The final word of “The Welkin” — a soft “oh” of realization that left the theater breathless — is more of an utterance, the coo of an innocent young babe. But the speaker isn’t a child; she’s a grown woman.
And she’s accused of murder.
It’s England in 1759, just around the time everyone is buzzing about the arrival of Halley’s comet. This woman, Sally Poppy (played by Haley Wong), and her lover are accused of the murder and dismemberment of the young daughter of the rich family for which Sally worked. She’s set to hang, but there’s a hitch: Sally claims she’s pregnant.
“The Welkin” is a kind of courtroom drama or, rather, a clever perversion of such; technically we don’t see the courtroom, just a dim, dungeonlike room nearby where a forum of 12 matrons has been convened. They’re not Sally’s final adjudicators (that job is for the men, after all), but the jury ruling on the women’s issue in this case: whether Sally’s actually pregnant.
A little bit “The Crucible” and a lot bit the 2022 film “Women Talking,” in all the best ways, “The Welkin,” which opened on Wednesday at Atlantic Theater Company’s Linda Gross Theater, is a somber yet witty examination of how women labor — with housework, with children and with a society of men that doesn’t serve them — and how they negotiate their assumed responsibilities with their desires.
“The Welkin” successfully depicts these women as unique individuals, representing women from different strata of society, and with different prejudices and viewpoints. Each one is memorable, from the stately outsider, Charlotte Cary (Mary McCann), a colonel’s widow in a stylish crown of a hat, to Mary Middleton (Susannah Perkins), an awkward, superstitious young woman who is worried only about getting home to her crop of leeks.
The impressive script, by Lucy Kirkwood, and likewise direction, by Sarah Benson, snap to life in the form of a robust ensemble cast led by Sandra Oh as Elizabeth Luke, the local midwife who intends to see that Sally isn’t the victim of an unfair verdict. Oh offers a grounded, sympathetic heroine who is, despite her reasoning and moralizing, still fallible. Wong also gives an entrancing performance as Sally, who reads like a living, breathing provocation: in turns vicious, scornful, irreverent and wild. Other standouts include Nadine Malouf as the petty Emma Jenkins; Dale Soules as Sarah Smith, the wise veteran matron with nearly two dozen children; and Jennifer Nikki Kidwell’s mature and levelheaded Ann Lavender.

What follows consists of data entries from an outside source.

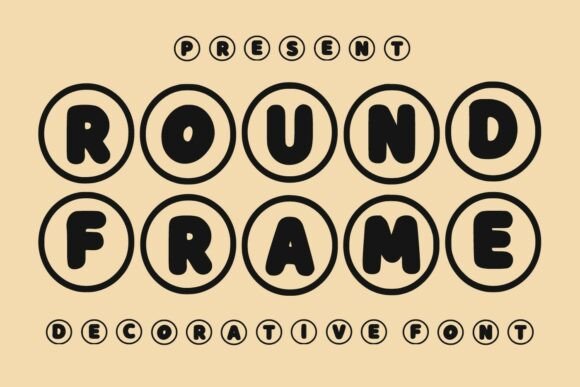 Download Round Frame - Frame Collection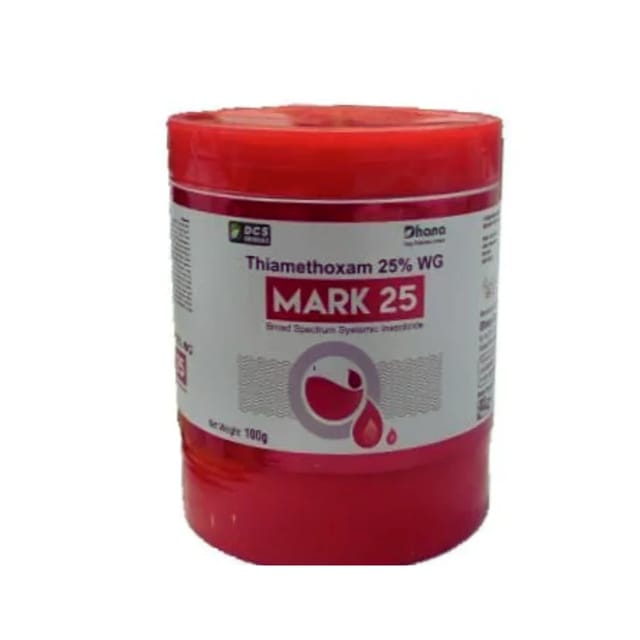 Mark 25 Insecticide (Thiamethoxam 25% WG)
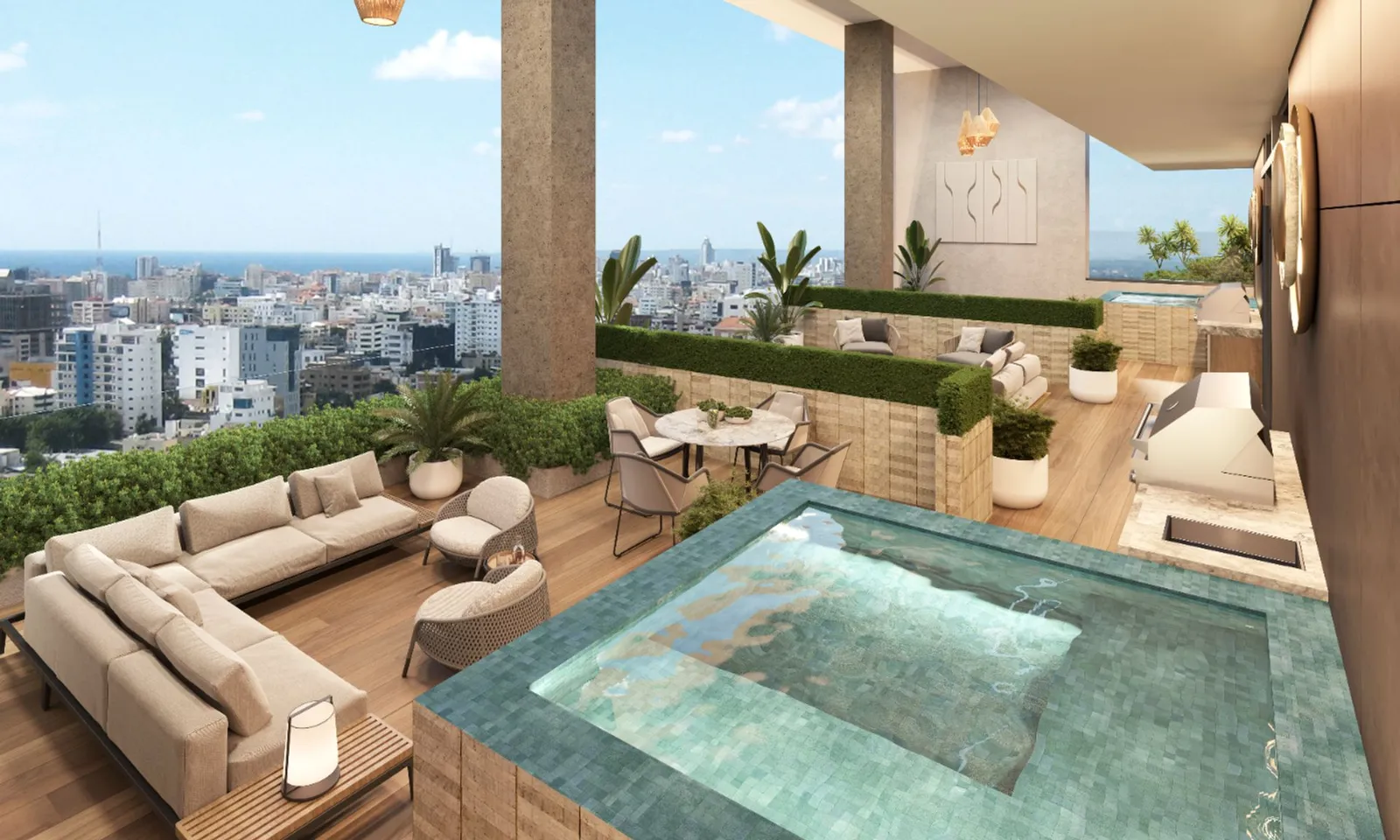 Elegante Torre de Apartamentos, foto 2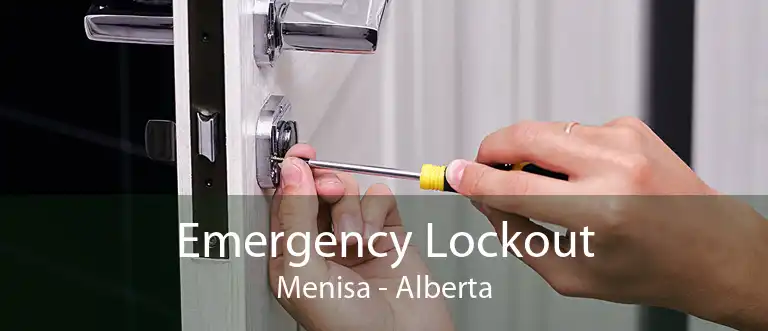 Emergency Lockout Menisa - Alberta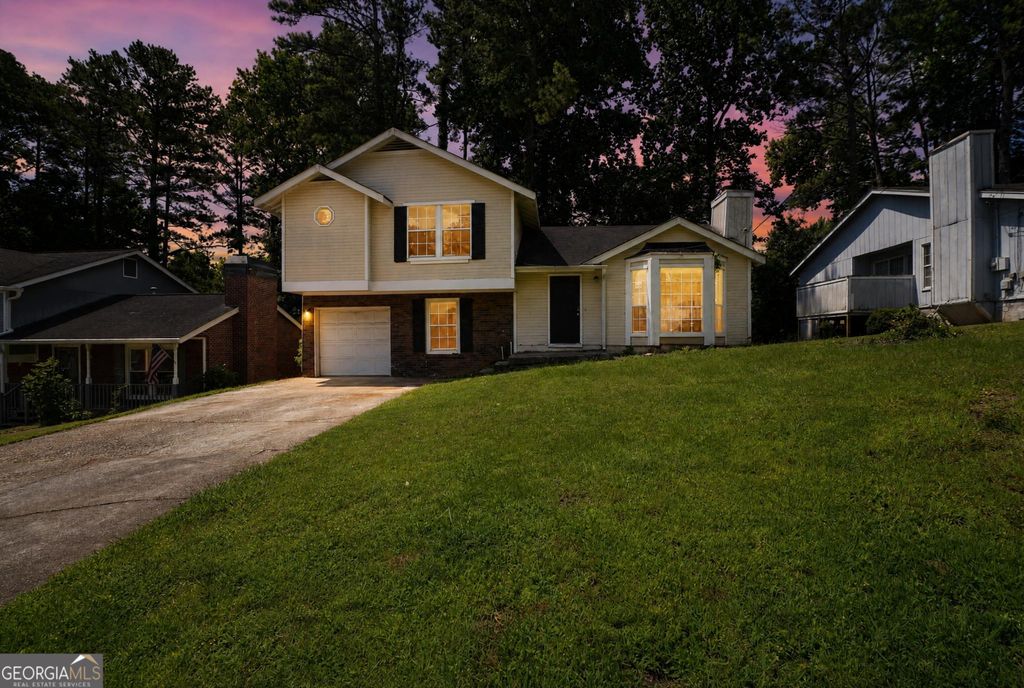 2045 Marbut Forest Drive, Lithonia, GA 30058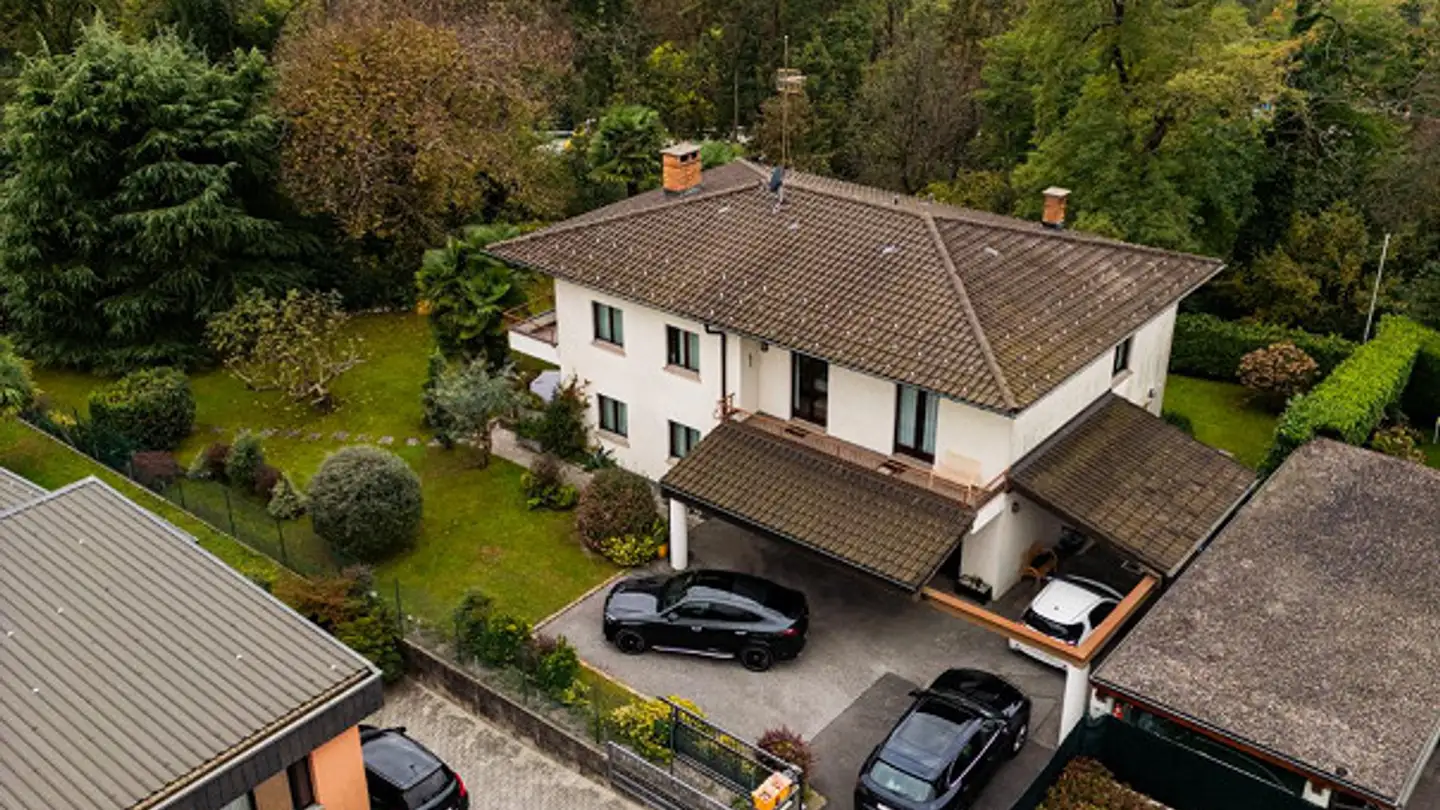 Einfamilienhaus kaufen - Via Campagnola, 6877 Coldrerio - Foto 3
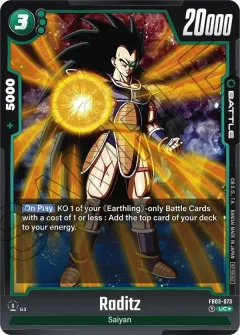 Raditz [Tournament Pack 03]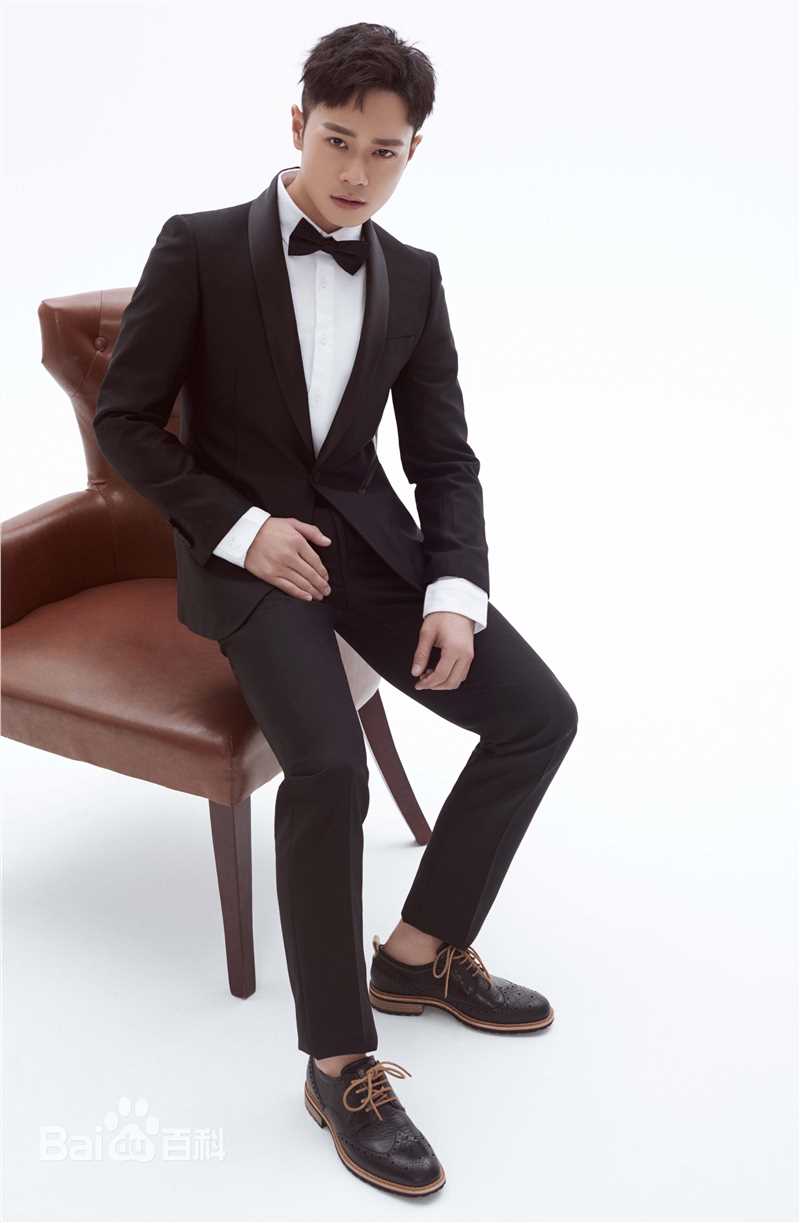 曹骏(Neil)精选西装图册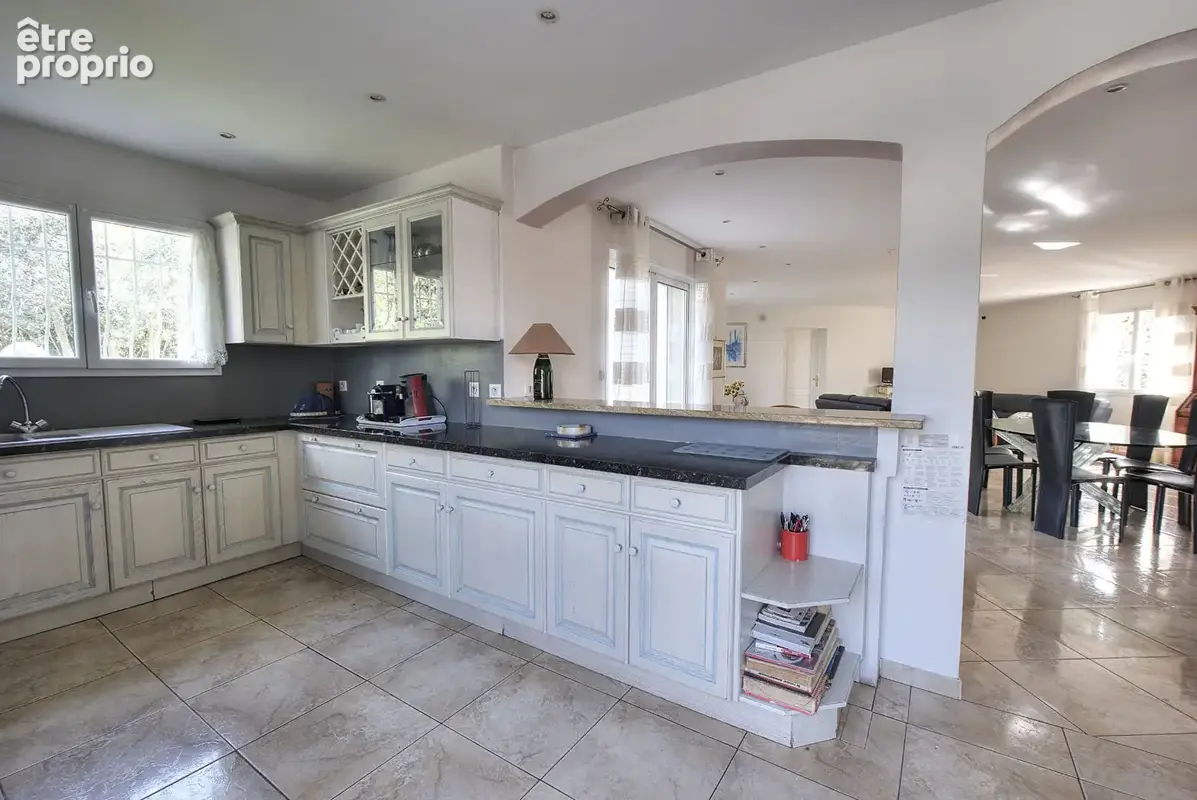 Villa 5 pieces 163 m2   proche commerces saint raphael - photo 7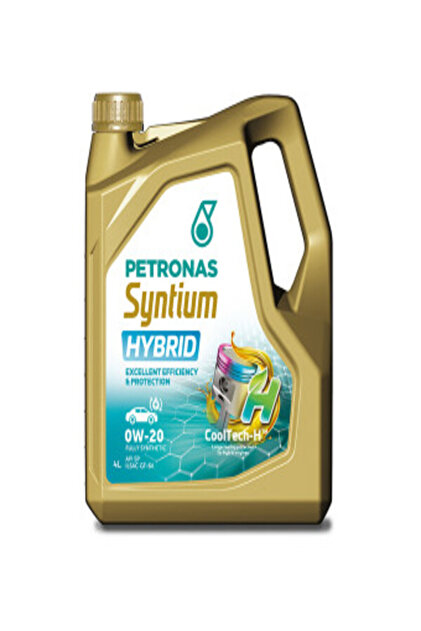Petronas SYNTIUM 7000 HYBRID 0W20 SN 5 LT - Fiyatı, Yorumları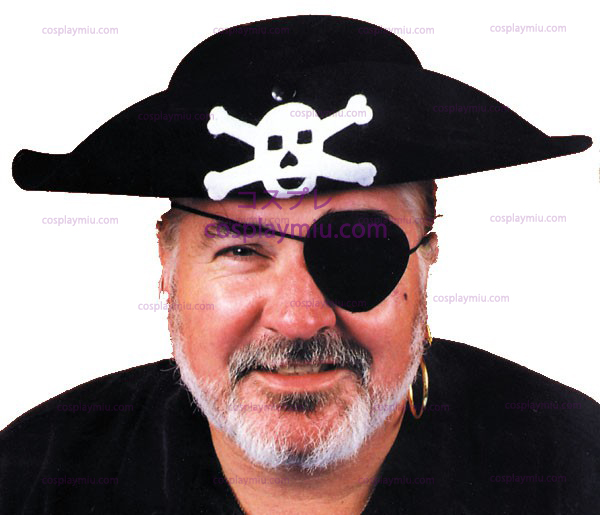 Qualità Pirate Cappelli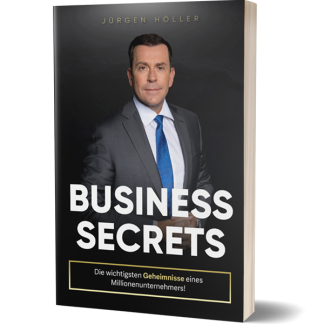 Business Secrets von Juergen Hoeller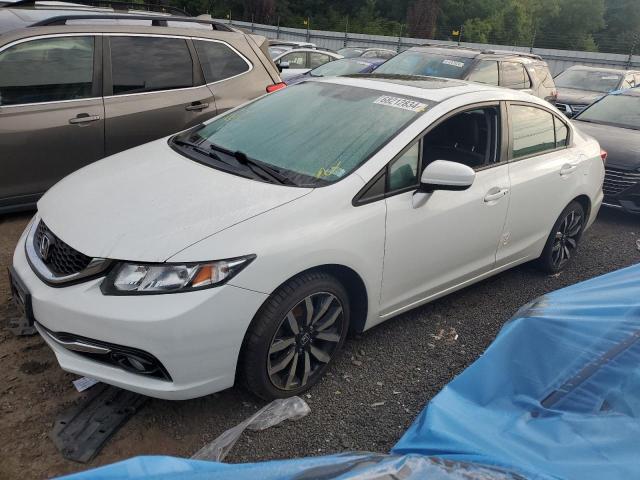 HONDA CIVIC EXL 2015 19xfb2f9xfe265868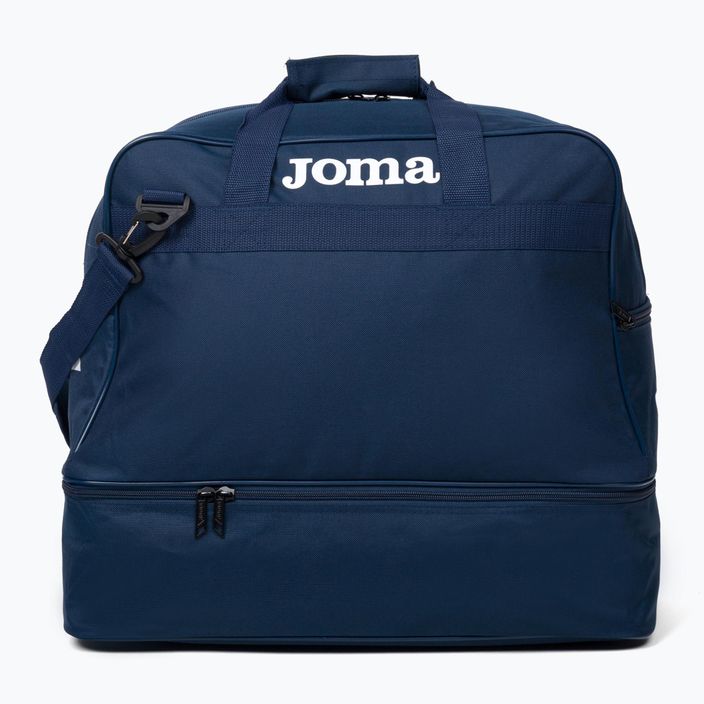 Joma Training III football bag navy blue 400006.300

Much like Kirkwood’s other work, which includes “The Children” and “Chimerica,” “The Welkin” is full of language that playfully shifts from bleak to comic, formal to casual; from obscuring its characters’ motivations to revealing them at just the right moment of dramatic tension. Kirkwood’s poetic turns relate earnest emotion, as when the convicted murderess rhapsodizes about a romance in which “the wanting rose up around me like milk boiling,” or brutal irony, as when a male doctor who examines her speaks of the “dark depths” of her anatomy. (The lighting design, by Stacey Derosier, also plays off these contrasts, making subtle shifts between warm and cold accents to meet the shifts in tone, while the set design, by dots, appropriately evokes the grim, claustrophobic feeling these women have, trapped in the space.)
The play does occasionally drag in its two-and-a-half-hour running time, sometimes overstating its points, as it does in Elizabeth’s more preachy monologues on gender and justice. But the twists and turns in this well-composed, self-contained drama make even the slower bits engaging.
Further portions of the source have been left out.